__Instructions for the task__. Return only the lines below starting at the line containing "Awesome Blossom Musical Birthday Candle" and ending at the line containing "Sehr geehrte Mama", both included, exactly as they are and with no pictures.

Exercise materials Block Start

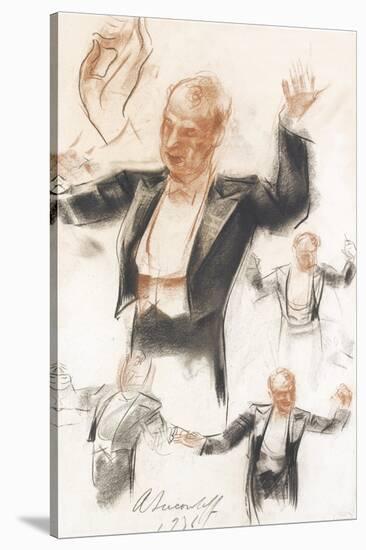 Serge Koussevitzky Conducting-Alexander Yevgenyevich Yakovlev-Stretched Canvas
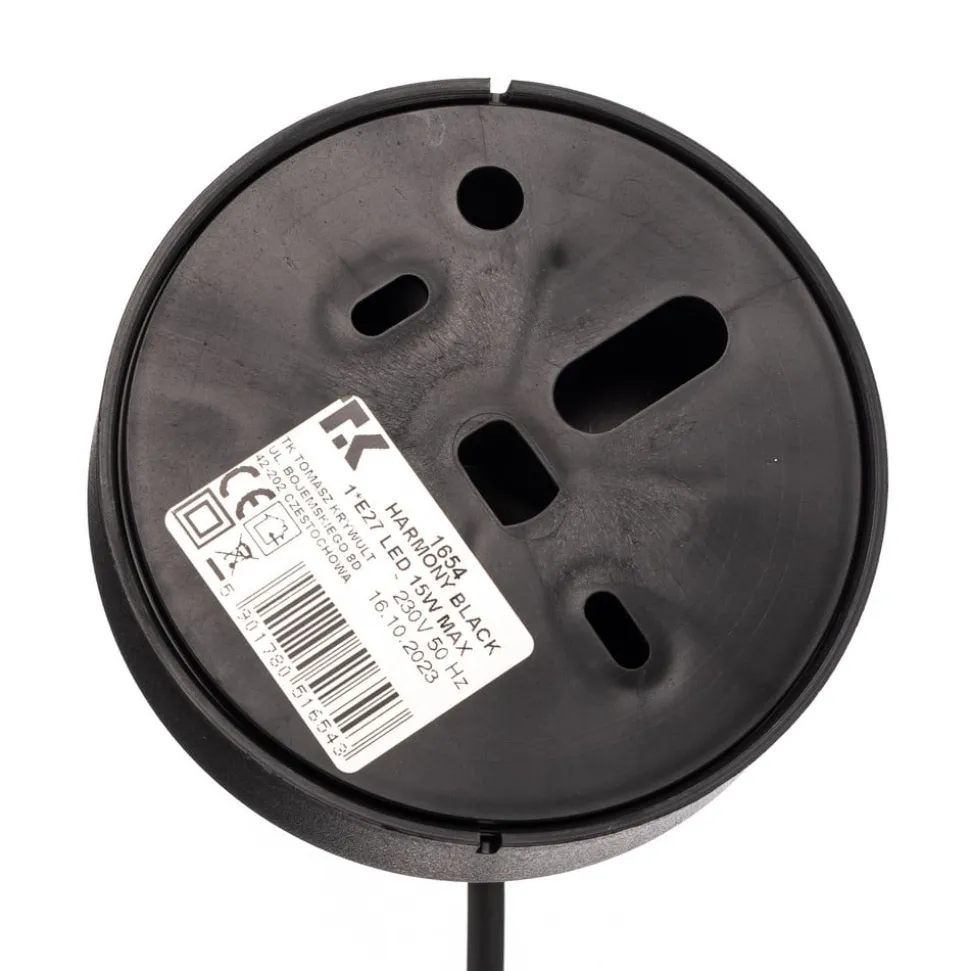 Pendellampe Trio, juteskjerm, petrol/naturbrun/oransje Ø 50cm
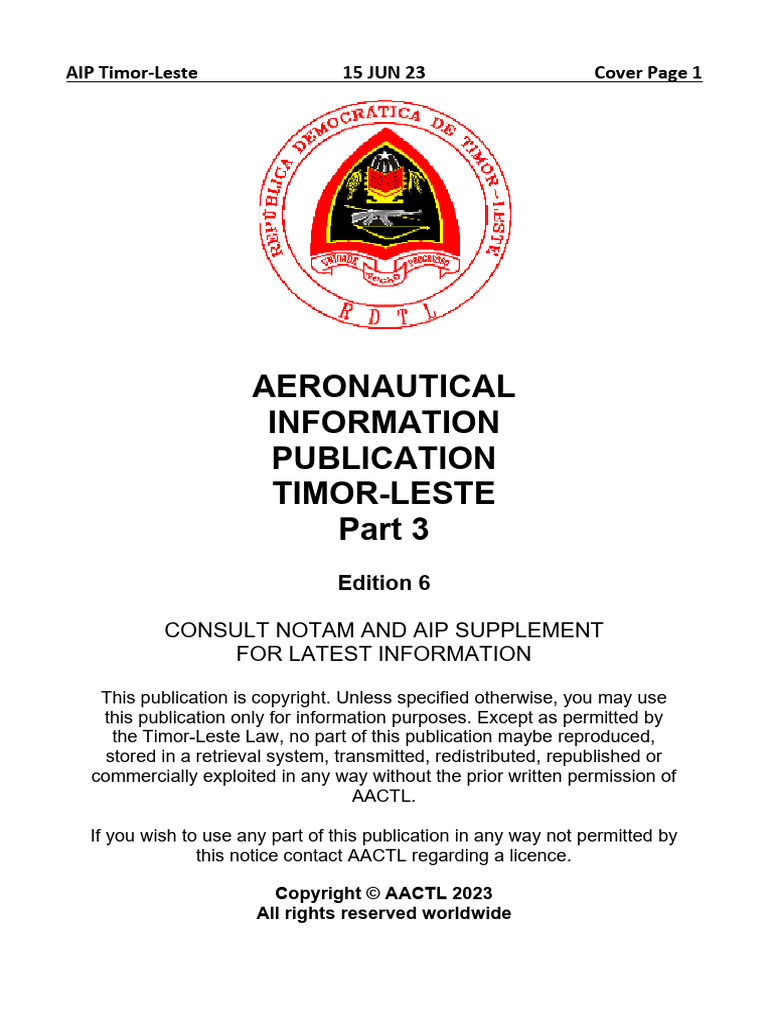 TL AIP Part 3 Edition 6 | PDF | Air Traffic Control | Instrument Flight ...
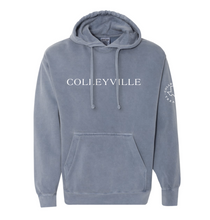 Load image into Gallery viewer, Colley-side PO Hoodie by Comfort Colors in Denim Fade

Exercise materials Block End
Exercise materials Block Start

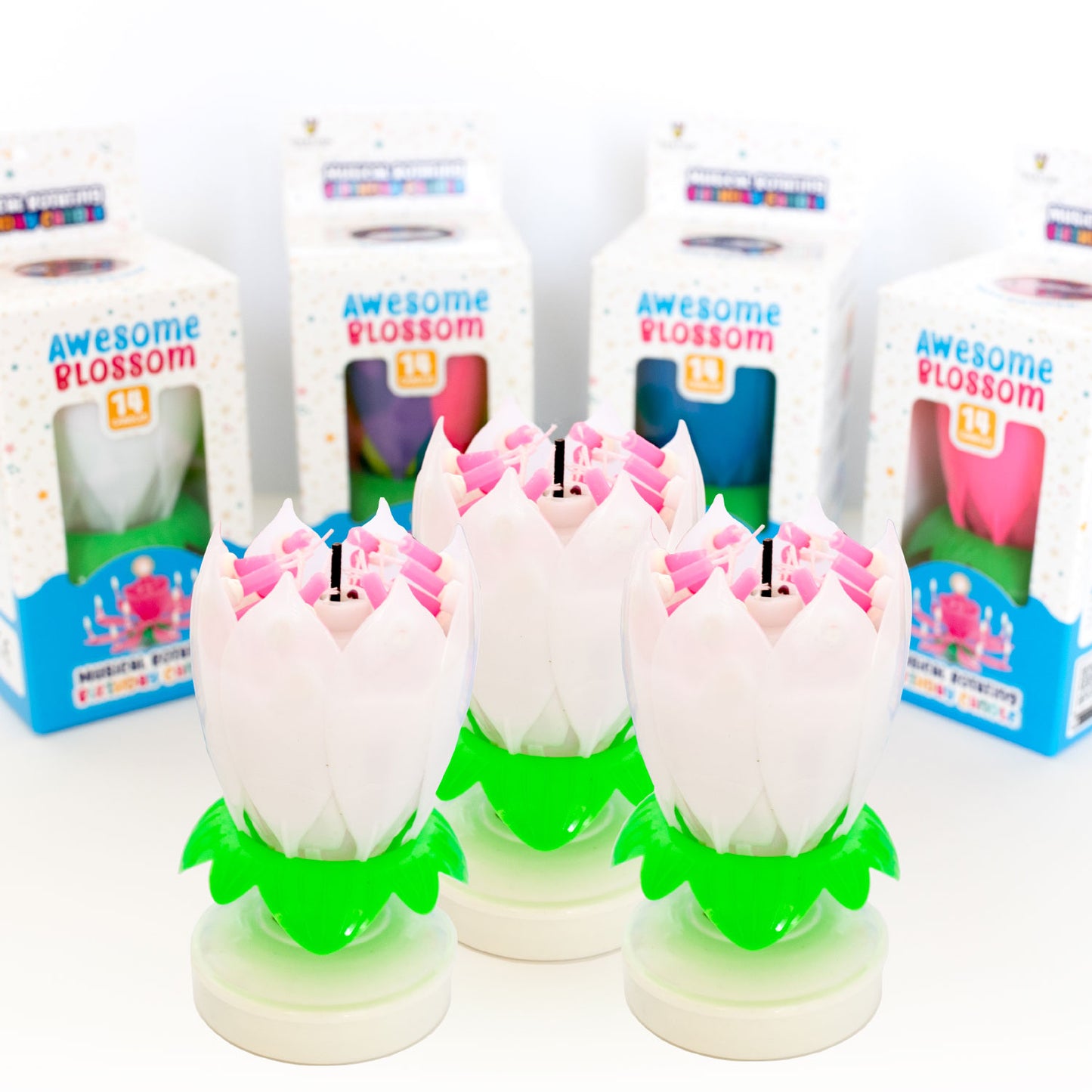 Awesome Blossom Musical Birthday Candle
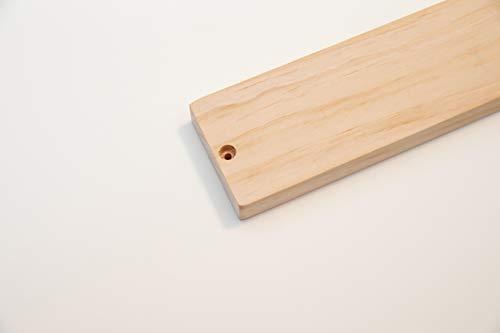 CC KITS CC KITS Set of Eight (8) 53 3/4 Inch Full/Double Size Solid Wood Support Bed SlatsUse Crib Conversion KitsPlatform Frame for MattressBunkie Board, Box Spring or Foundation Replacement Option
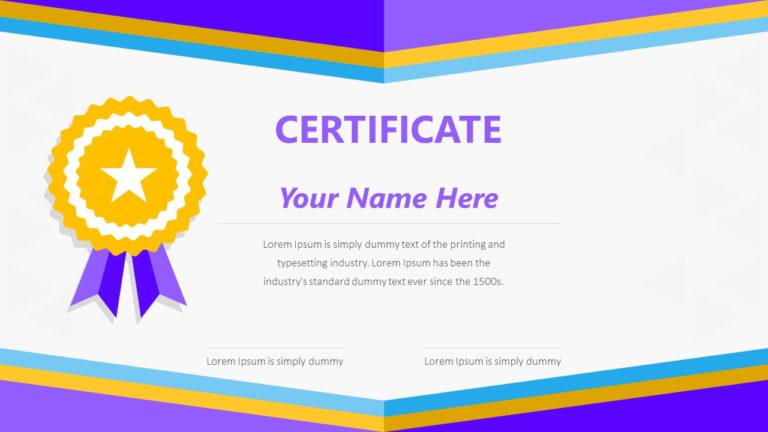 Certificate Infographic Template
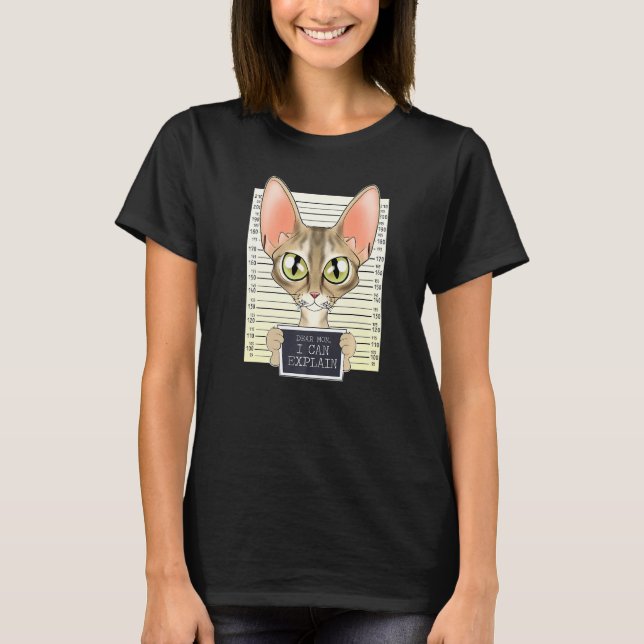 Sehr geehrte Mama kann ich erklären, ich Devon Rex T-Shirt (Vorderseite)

Exercise materials Block End
Exercise materials Block Start

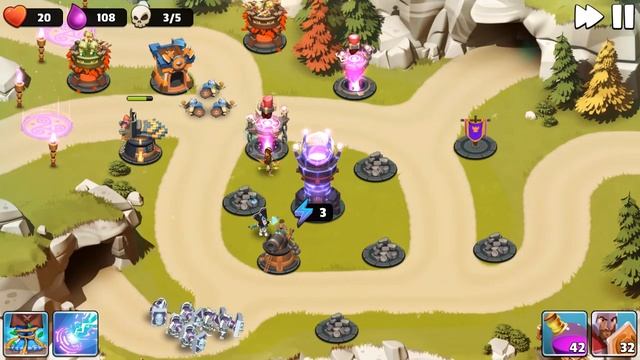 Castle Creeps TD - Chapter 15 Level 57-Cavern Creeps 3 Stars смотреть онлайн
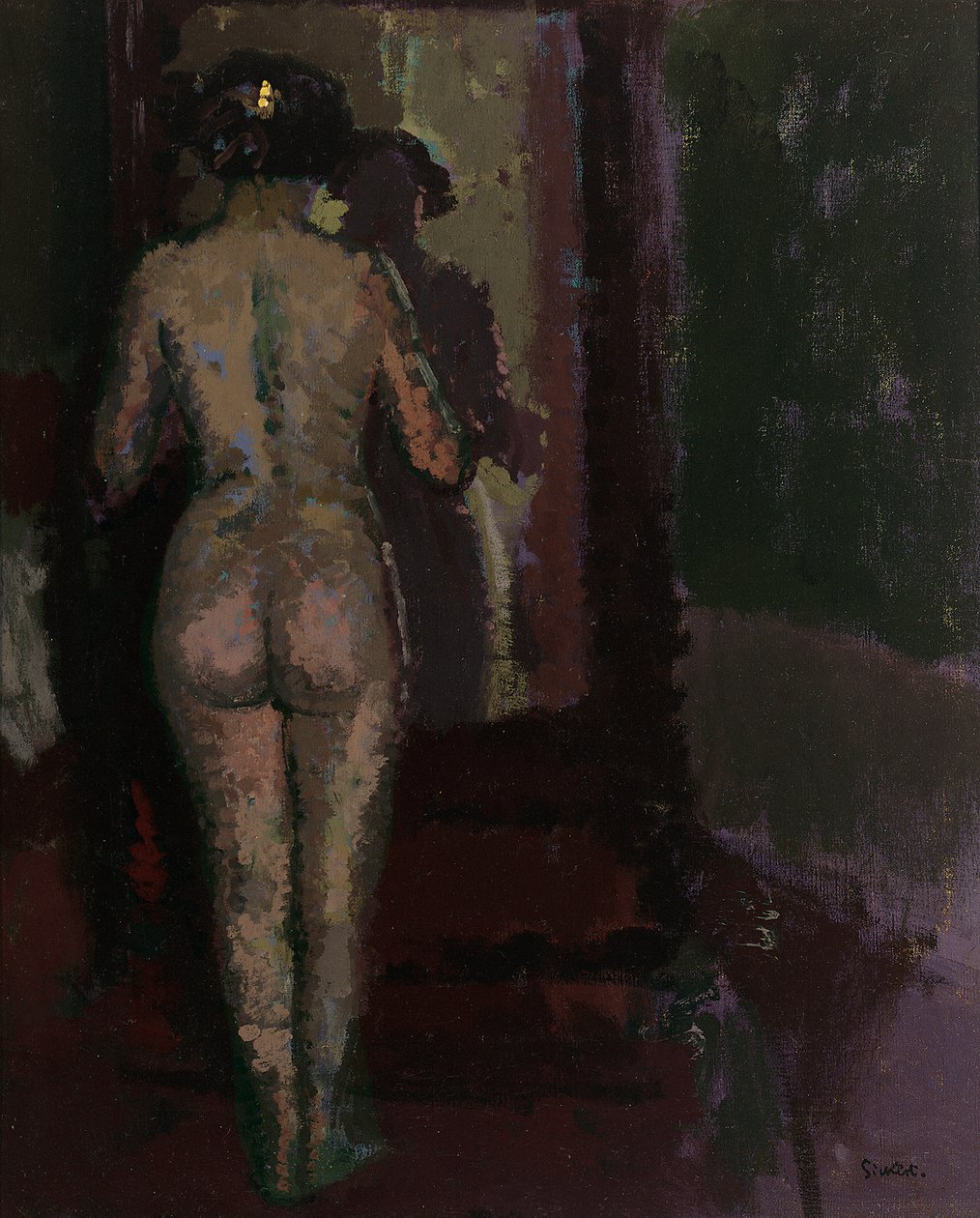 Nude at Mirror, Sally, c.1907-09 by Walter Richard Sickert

Exercise materials Block End

__Your solution__.
 Awesome Blossom Musical Birthday Candle
 CC KITS CC KITS Set of Eight (8) 53 3/4 Inch Full/Double Size Solid Wood Support Bed SlatsUse Crib Conversion KitsPlatform Frame for MattressBunkie Board, Box Spring or Foundation Replacement Option
 Certificate Infographic Template
 Sehr geehrte Mama kann ich erklären, ich Devon Rex T-Shirt (Vorderseite)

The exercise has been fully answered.